◆ WHAT IS EXPECTED
The required output is the lines from the one with "Temas relacionados à" through the end of the data, repeated verbatim, with no pictures included.

*** Begin section ***

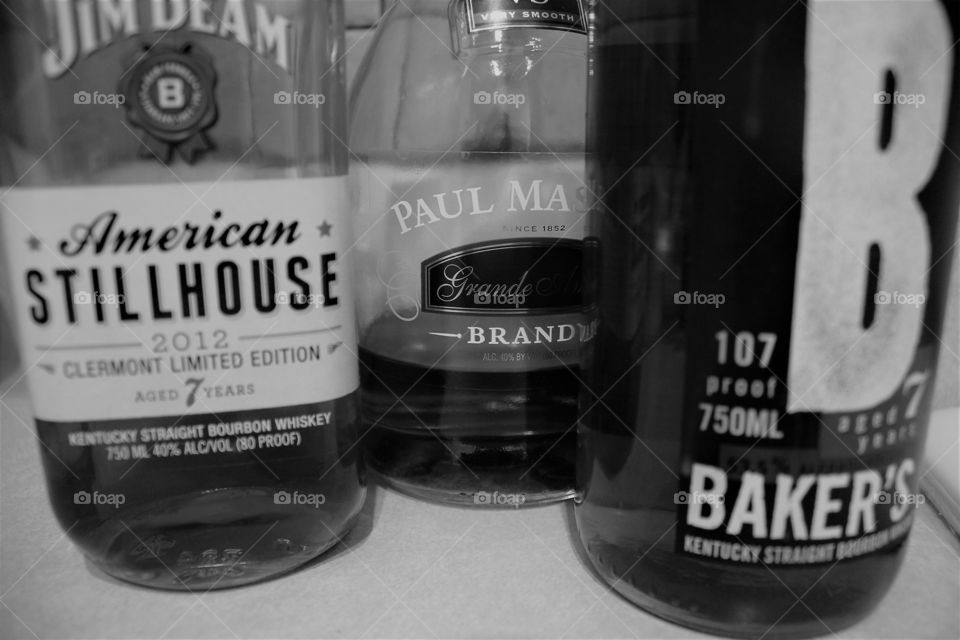 Whiskey Bottles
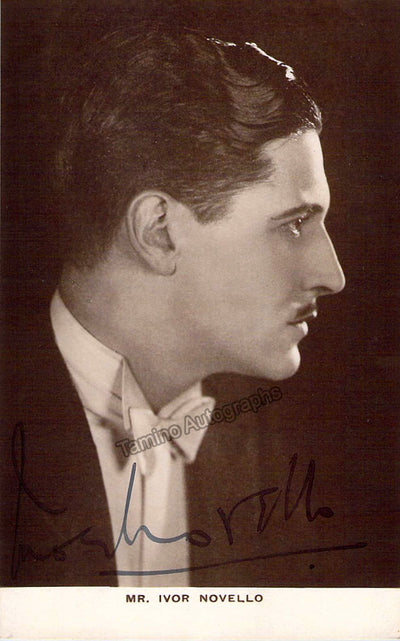 Novello, Ivor - Signed Photograph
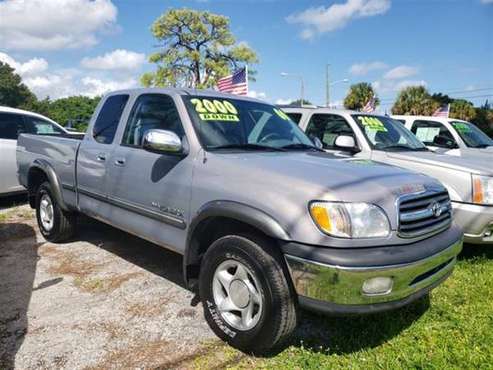 2000 TOYOTA SR5 ACCESS CAB**RUNS GREAT**COLD AC**WE FINANCE**MUST SEE* for sale in FT.PIERCE, FL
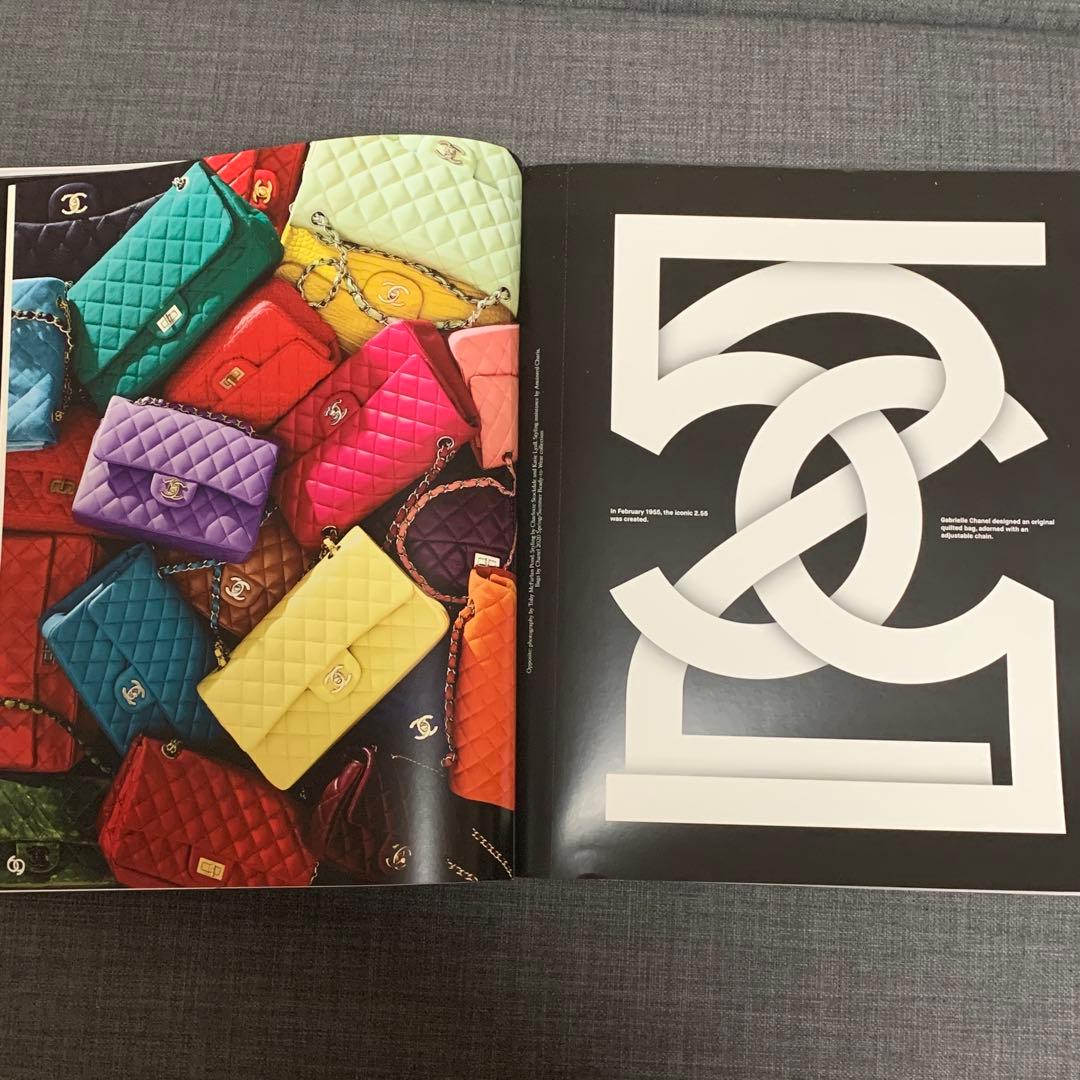 CHANEL ポスターブックCHAOS SIXTYNINE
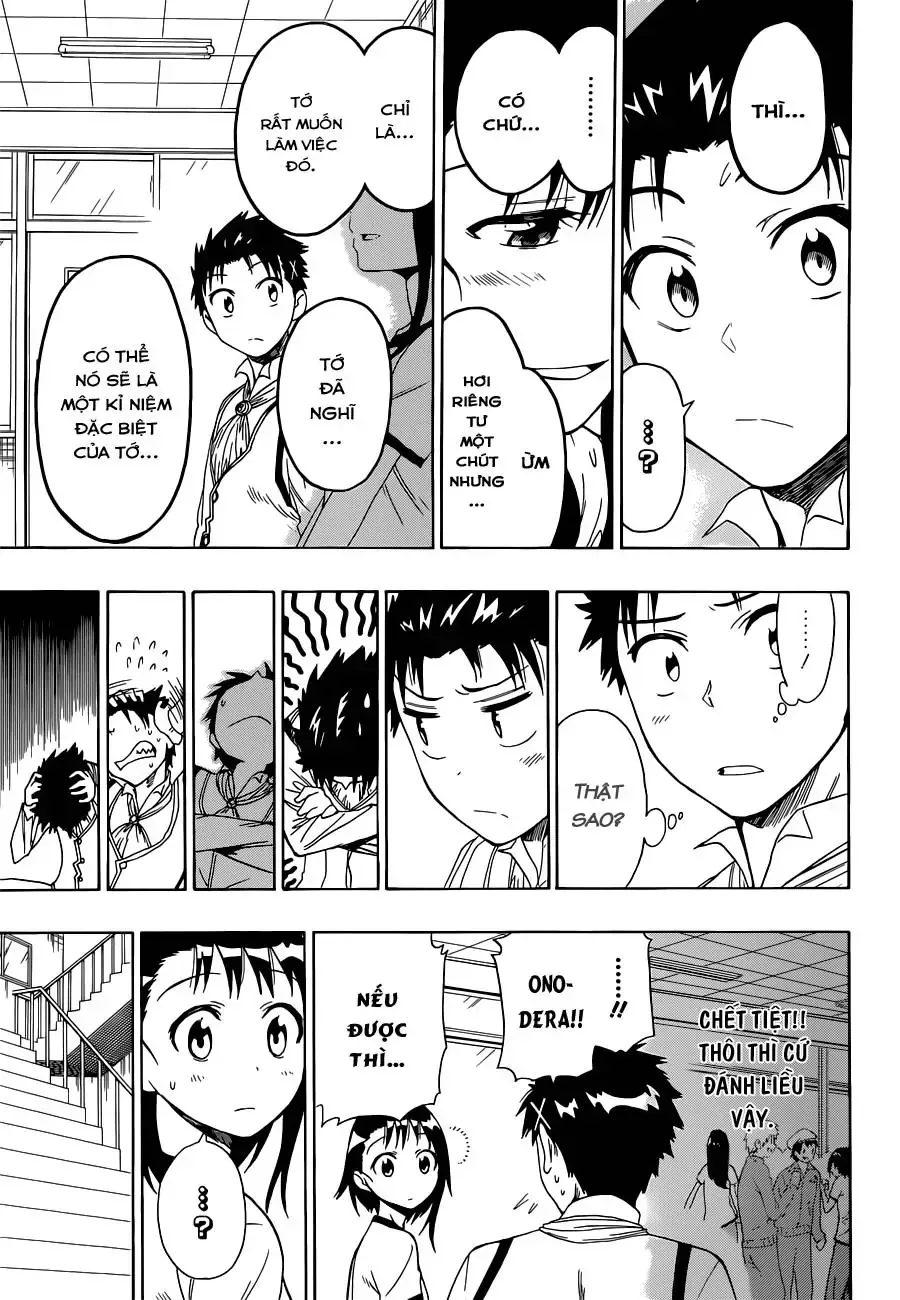 Nisekoi Chap 50 - Next Chap 51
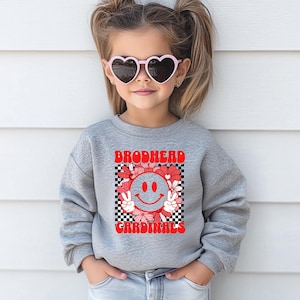 Brodhead Cardinals Jugend Rundhals-Sweatshirt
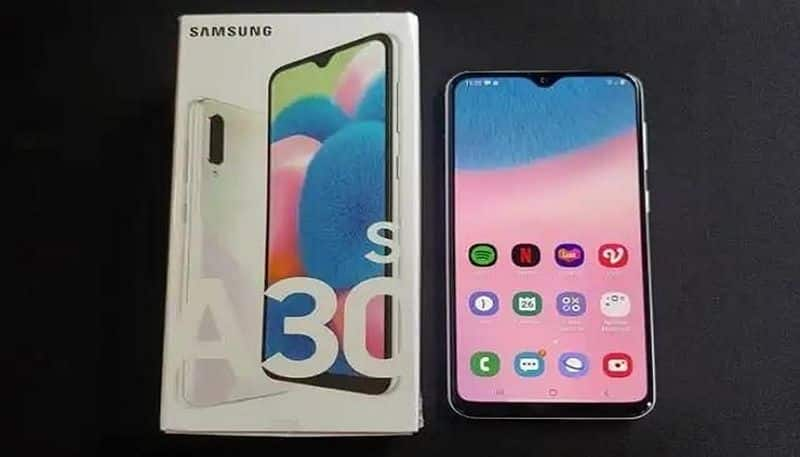 samsung launches galaxy a30s smart phone in india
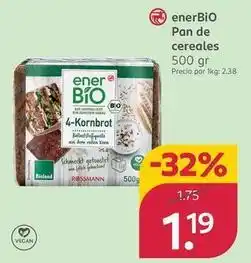 Rossmann Enerbio - pan de cereales oferta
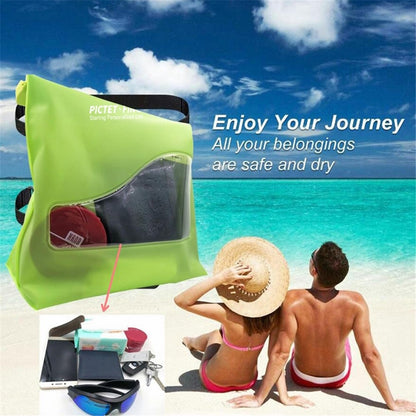PICTET.FINO RH54 IPX8 Waterproof Touch Screen Outdoor Travel  Swimming Surfing Bag Phone Pouch with Shoulder Strap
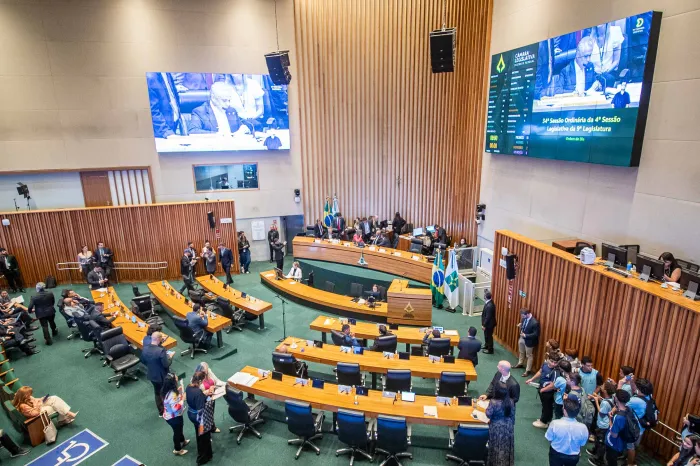 Temas relacionados à saúde e à educação são debatidos em plenário pelos distritais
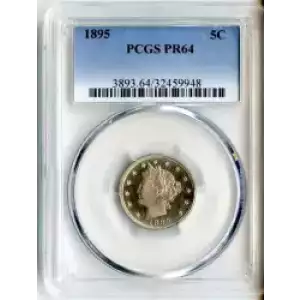 Nickel Five Cent Pieces-Liberty Head 1883-1913 (3)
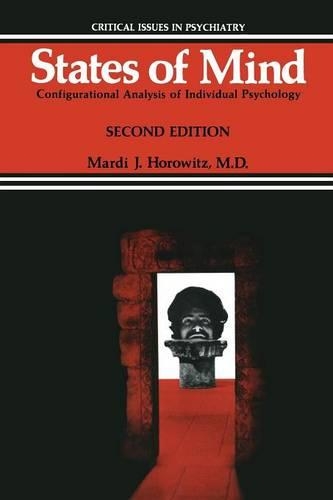 Бумажная книга «States of Mind: Configurational Analysis of Individual Psychology», автор Марди Джон Хоровиц - фото №1
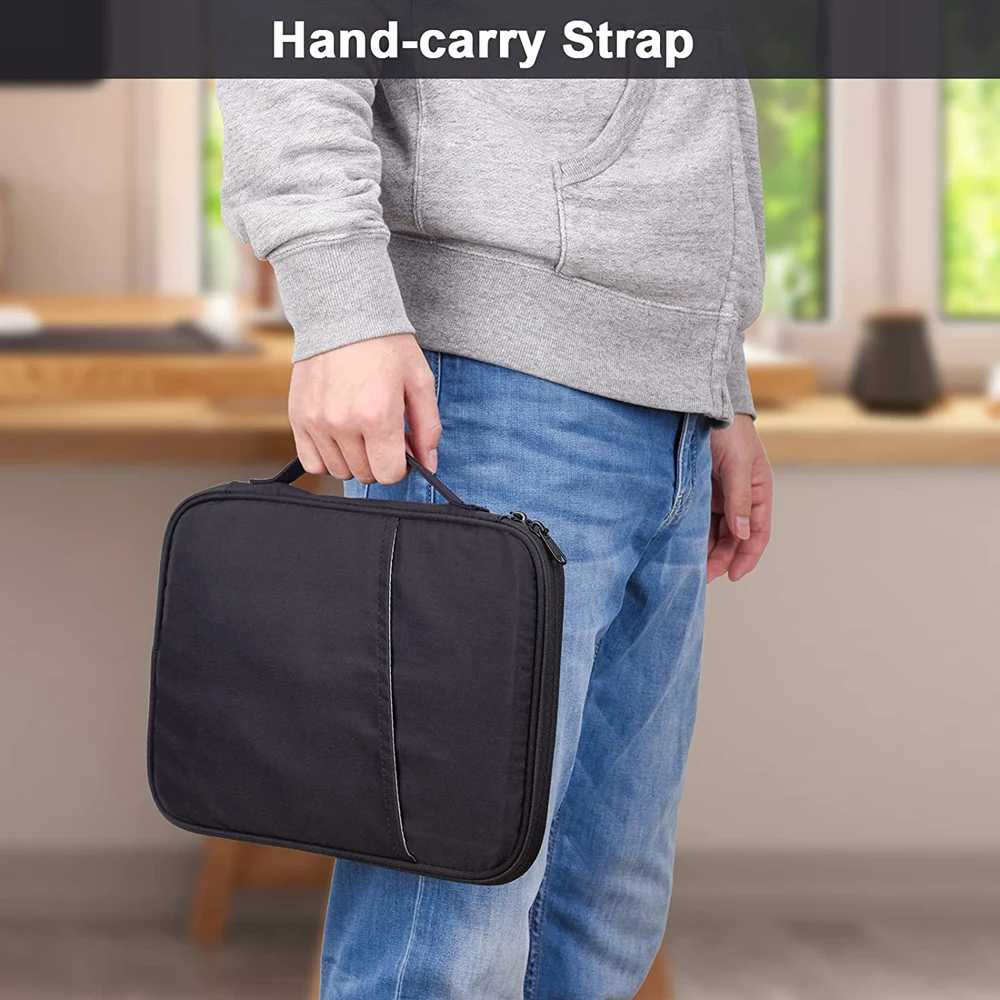 Capa à Prova de Choque para Ipad Air Pro 11 11 2023 Mini Pro Keyboard Cover Laptop Bolsa Macbook Pouch 911 - Imagem 5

*** End section ***

◆ THE COMPLETED TASK
 Temas relacionados à saúde e à educação são debatidos em plenário pelos distritais
 Nickel Five Cent Pieces-Liberty Head 1883-1913 (3)
 Бумажная книга «States of Mind: Configurational Analysis of Individual Psychology», автор Марди Джон Хоровиц - фото №1
 Capa à Prova de Choque para Ipad Air Pro 11 11 2023 Mini Pro Keyboard Cover Laptop Bolsa Macbook Pouch 911 - Imagem 5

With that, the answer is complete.